The principles expressed in the American Declaration of Independence were echoed in the Declaration des Droits de l’Homme et du Citoyen, of 1789. Like the American Revolution, the French Revolution espoused a philosophical conviction that ‘[m]en are born and remain free and equal in rights.’ Like the American Revolution, the French Revolution recognised the principle of popular sovereignty: ‘The principle of any Sovereignty lies primarily in the Nation. No corporate body, no individual may exercise any authority that does not expressly emanate from it.’ And as with its American counterpart, the French Revolution of 1789 represents an acceptance and application of the principle of political self-determination: that the legitimacy of the form of government derives from the will of the people, and that the People, as a corporate entity, has the right to alter that form of government if it has become inimical to their interests or wishes. The revolutions are, and remain, precedents – in both the legal and political sense. Of course, they had no legal force in the 18th Century – at that time this idea, that the people can depose the ruling power, was even more controversial than the idea that minorities can break away from a State is today – nor for many years afterwards. But they have subsequently acquired legal force. Political self-determination has been enshrined in the Charter of the United Nations (Art.1(2)), and the common first Article of the ICCPR and ICESCR (Art.1(1)), and has evolved into a norm of customary international law of erga omnes status (East Timor). It is not possible, here, to review the whole progress of the concept – naturally the revolutions were not, in and of themselves, sufficient to generate a legal norm. But it was this first step that was the most significant: it marked the shift in perspective that begun the slow process towards norm-formation. As Cassese opines, the revolutions
[M]arked the demise of the notion that individuals and peoples, as subjects of the King, were objects to be transferred, alienated, ceded, or protected in accordance with the interests of the monarch. (Antonio Cassese, Self-Determination of Peoples: a Legal Reappraisal (Cambridge University Press 1995) 11.)

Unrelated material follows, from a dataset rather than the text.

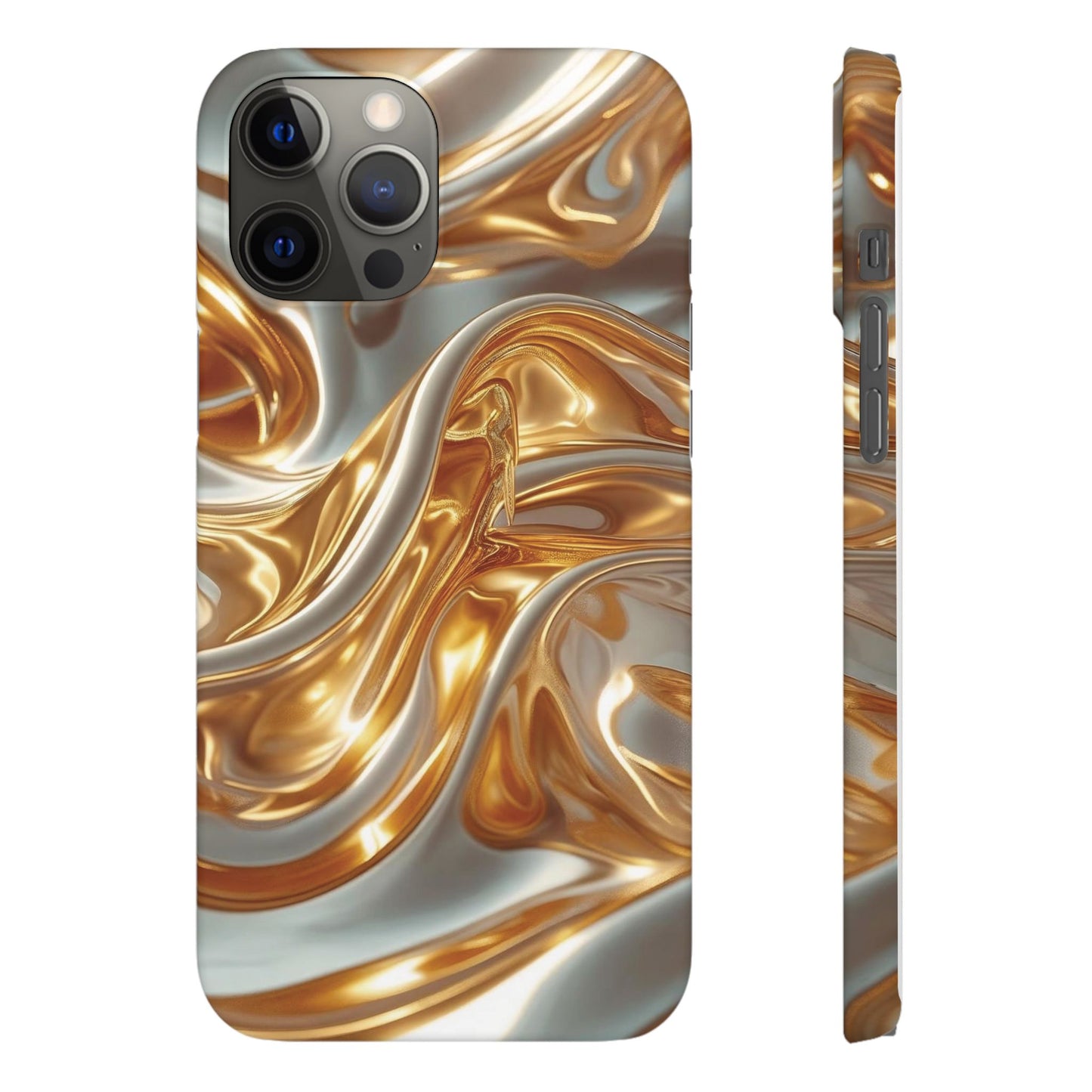 Snap Case iPhone Handyhülle – Gold Dynamic Liquid 3D Effekt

The significance of the Scottish referendum, similarly, lies in its value as a precedent. The Edinburgh Agreement is, as commented above, a recognition that the independence decision is a decision which the people of Scotland have a democratic right to make, and that it is a decision to be made by them alone. It also politically binds the Governments to respect the result of the referendum. In short, it represents an acceptance, in this instance, by the United Kingdom of the right of the Scottish people to secessionary self-determination. Irrespective of the outcome of the vote, the Scotland precedent puts pressure on other governments to grant similar referendums to secessionist movements in their own territories. At present that pressure is only political, but it is entirely conceivable that, should other States follow Britain’s lead, a new norm of customary international law will begin to emerge. Scotland is not a flash in the pan. The question of secession will surely crop up again, and again in years to come (see, for example, Catalonia, and Iraqi Kurdistan). The reaction of the States concerned, and the wider international community, may mark a paradigm-shift in international law. It remains to be seen whether Scotland will be secessionary self-determination’s 1776, but we’ll have to wait longer for that result.